**What to do**
Beginning with the line that holds "Elderly local man" and finishing with the line that holds "Black cotton t-shirt", repeat the listing exactly, leaving every picture out.

**Task input**

+ + + +

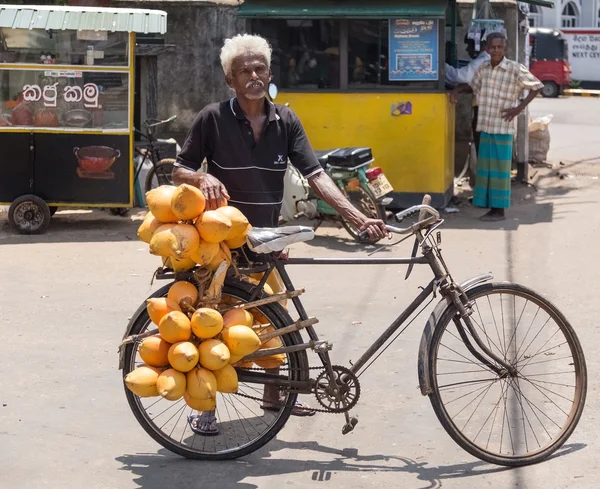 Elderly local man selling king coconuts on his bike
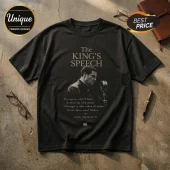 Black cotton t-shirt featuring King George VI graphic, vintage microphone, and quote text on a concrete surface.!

+ + + +

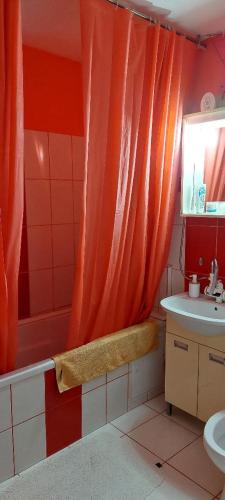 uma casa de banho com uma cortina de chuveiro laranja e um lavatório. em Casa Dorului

+ + + +

**Task response**
 Elderly local man selling king coconuts on his bike
 Black cotton t-shirt featuring King George VI graphic, vintage microphone, and quote text on a concrete surface.!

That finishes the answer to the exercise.